Provided information:

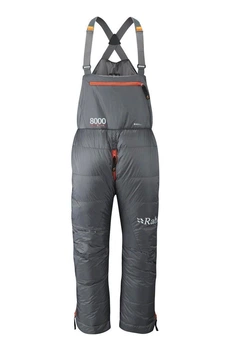 Штани Rab Expedition 8000 Salopettes, Shark, S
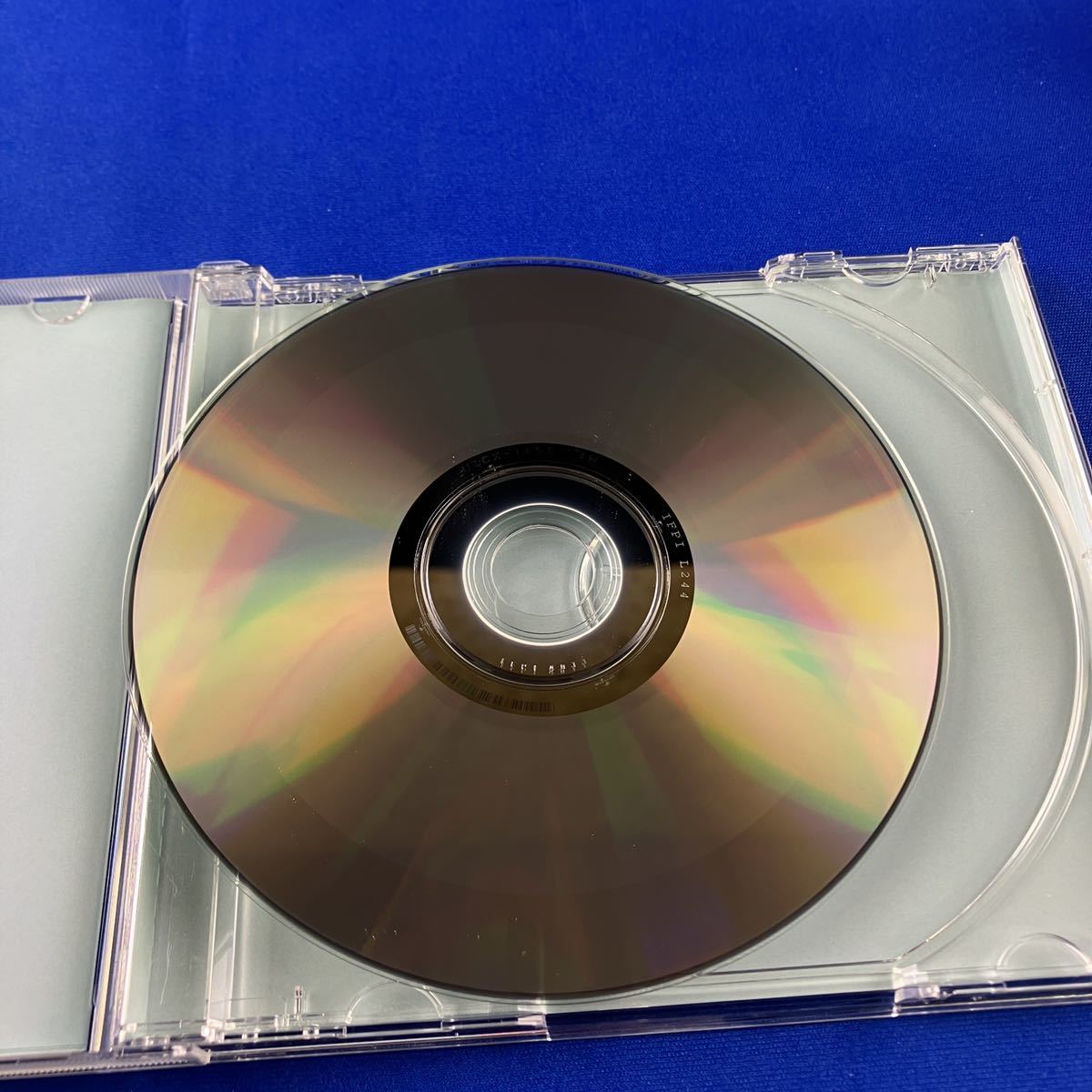 SC2 HAILEE STEINFELD / HAIZ -JAPAN DEBUT MINI ALBUM- CD_画像3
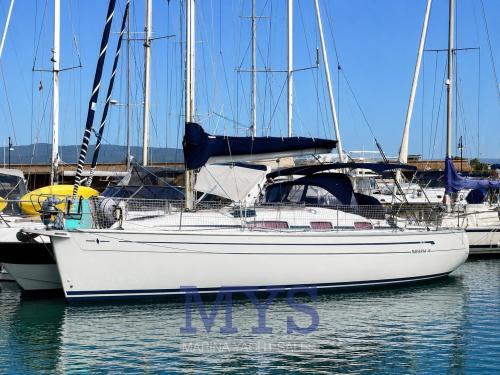 Bavaria yachts 34 cruiser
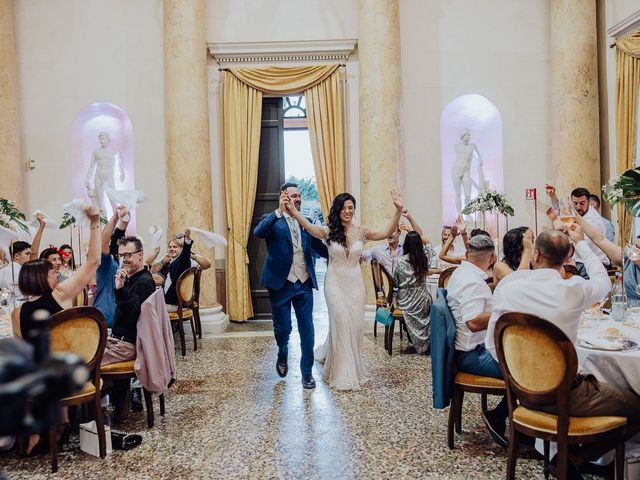 Il matrimonio di Alex e Paola a Cremona, Cremona 171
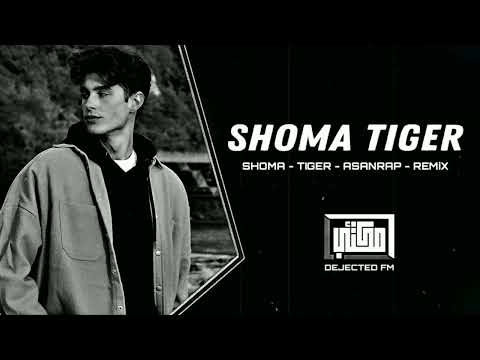 اغنية روسية مطلوبة بوت كاك تو تاك Asanrap Шома тигр Bot Kak To Take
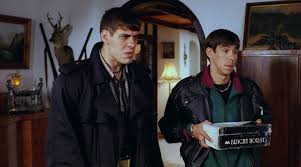 Кто жалеет розги - тот портит ребенка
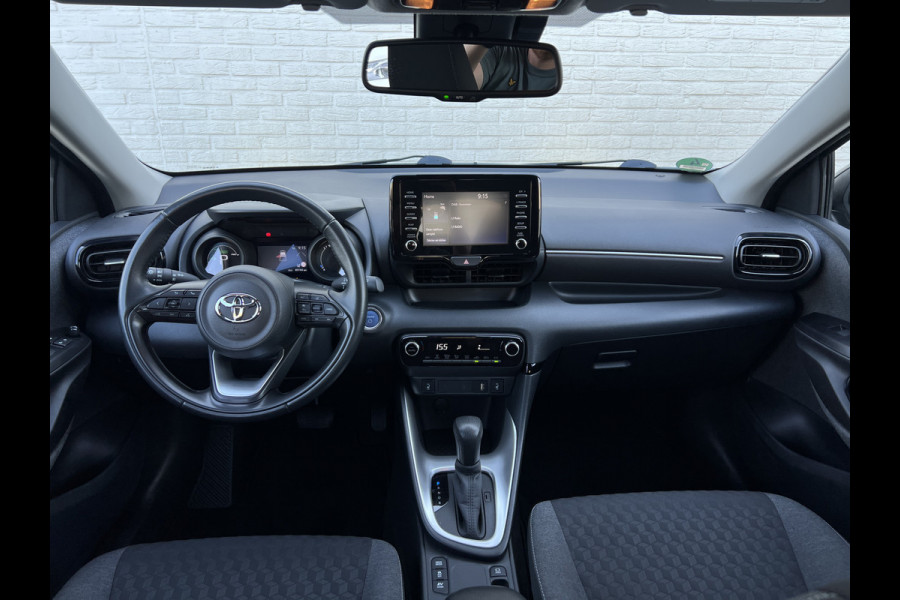 Toyota Yaris 1.5 Hybrid Dynamic | LED | ACC | Camera | Carplay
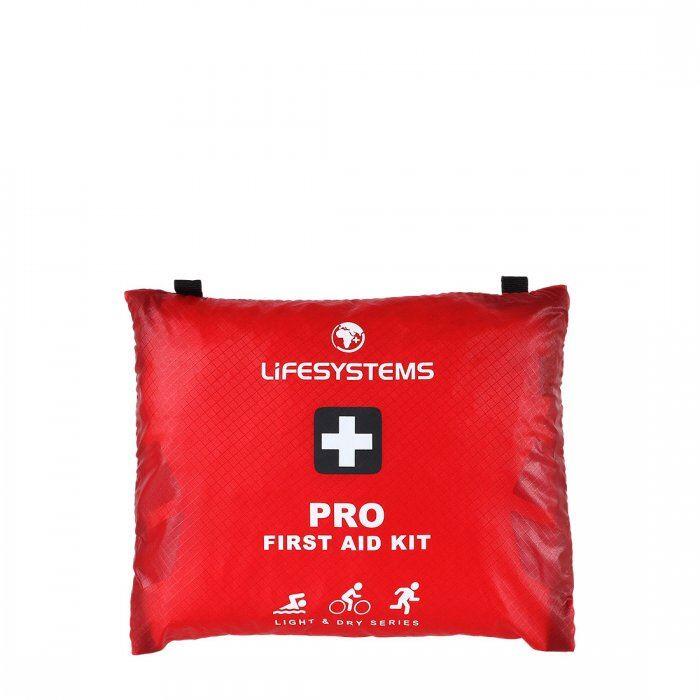 LIFESYSTEMS Kit di pronto soccorso Lifesystems Light & Dry Pro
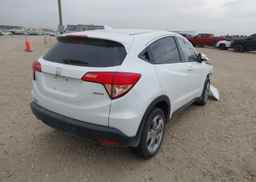 2017 HONDA HR-V EX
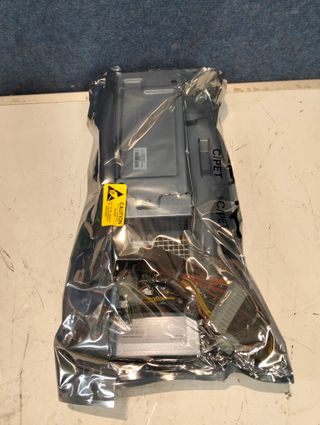 HPE ML110 Gen9 Kit Habilitación Fuente Dual Hot-Swap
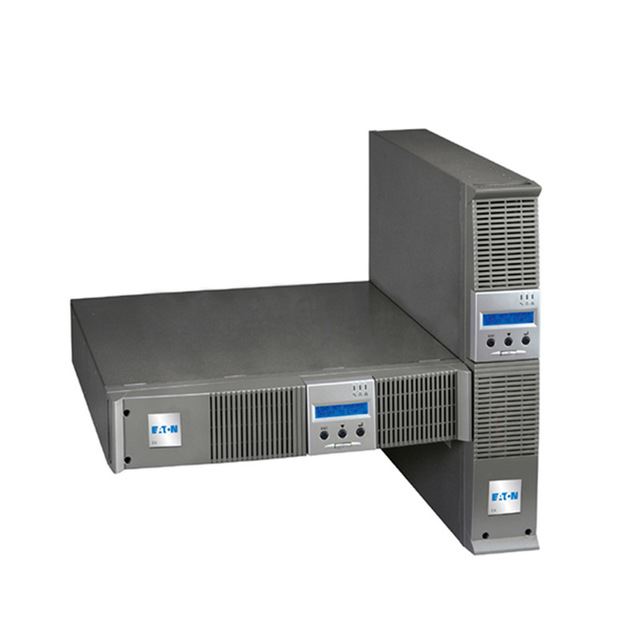 伊顿UPS电源 EX RT2200 高度3U 可放进网络机柜功率2.2KVA EX系列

Exercise instructions: The expected output is exactly the lines from the one containing "SC2 HAILEE STEINFELD" through the last line of the listing, both included, with every picture left out.

Reply to the task:
 SC2 HAILEE STEINFELD / HAIZ -JAPAN DEBUT MINI ALBUM- CD_画像3
 Bavaria yachts 34 cruiser
 Il matrimonio di Alex e Paola a Cremona, Cremona 171
 اغنية روسية مطلوبة بوت كاك تو تاك Asanrap Шома тигр Bot Kak To Take
 Кто жалеет розги - тот портит ребенка
 Toyota Yaris 1.5 Hybrid Dynamic | LED | ACC | Camera | Carplay
 LIFESYSTEMS Kit di pronto soccorso Lifesystems Light & Dry Pro
 2017 HONDA HR-V EX
 HPE ML110 Gen9 Kit Habilitación Fuente Dual Hot-Swap
 伊顿UPS电源 EX RT2200 高度3U 可放进网络机柜功率2.2KVA EX系列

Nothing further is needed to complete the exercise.